Add tomatoes, peas and green beans; sauté to blend, 1-2 minutes. Add sugar, salt, paprika, and saffron; then add the rice and stir to coat.
In a separate pot, bring vegetable stock and wine to a boil. Pour the liquid over the rice and vegetable mixture in batches, stirring almost constantly. As the liquid evaporates, add more. Continue to add liquid, along with pinches of salt, and stir and taste until the rice and flavor are the consistency you want.
Toward the end of cooking the rice, stir in the bay scallops.
Meanwhile, in a separate pot, steam the clams. (I steam them in a little bit of chopped onion, white wine, and water.) Once the clams open, place them around the top of the paella and serve.

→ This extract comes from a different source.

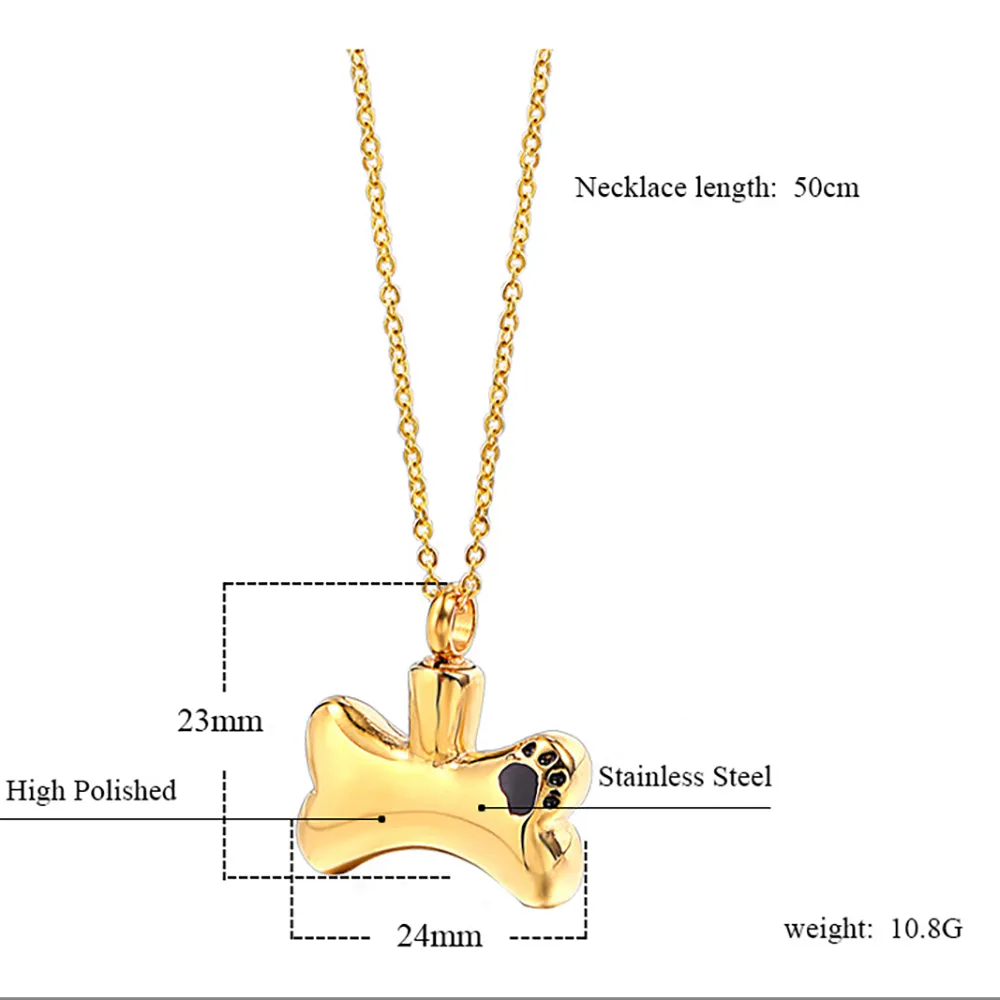 Catene in acciaio inossidabile con ciondolo a forma di osso per cani, per animali domestici, collana con urna funeraria apribile, regalo per lui con catena_voghion.com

Caviar Deviled Eggs and Potatoes
A motoryacht chef served these two easy-to-make recipes together during a cocktail party at a boat show in Antigua. You might think that deviled eggs and new potatoes are unremarkable, but serving them this way makes guests go gaga.
Deviled Egg Ingredients:
A dozen hardboiled eggs, shelled
About 2 Tbsp. mayonnaise
About 1 Tbsp. Dijon mustard
About 2 pinches of sugar
Paprika
Caviar of your choice
Caviar Potatoes Ingredients:
Bag of new potatoes
Sour cream
Caviar
Directions:
Slice the eggs in half and scoop out the yolks. Combine yolks with mayonnaise, mustard, and sugar. The consistency should be thick, not runny. Spoon the mixture back into the halved eggs. Shake paprika over all the deviled eggs, and then top half of the deviled eggs with a dollop of caviar.
Cook the potatoes as you prefer. I like to put them on a baking sheet and broil them with a little olive oil, salt and pepper. Once they’re cooked and cooled, slice off a little bit of each potato’s bottom so it will stand upright on a tray. Scoop out the top of each potato with a strawberry hulling tool or small spoon. Spoon sour cream into the hole at the top. Top half the potatoes with a dollop of caviar.
Infatuation’s Baked Stuffed Mussels
This recipe comes from a charter story I wrote about a decade ago in Italy aboard the 136-foot Jongert Infatuation. Baked stuffed mussels are simple to make; it’s the homemade breadcrumbs from this chef’s recipe that take the dish up a notch.
Ingredients:
Diced shallots
About 1 cup of white wine
Butter
Fresh-caught mussels
Directions:
Breadcrumbs (made to your personal taste from brioche, shallots, coriander, thyme, Parmesan, chives, butter and olive oil)
Steam the mussels in the shallots, wine, and butter, and then pick out the meat. Place three pieces of mussel meat in each empty shell. Cover with the breadcrumbs and broil until hot.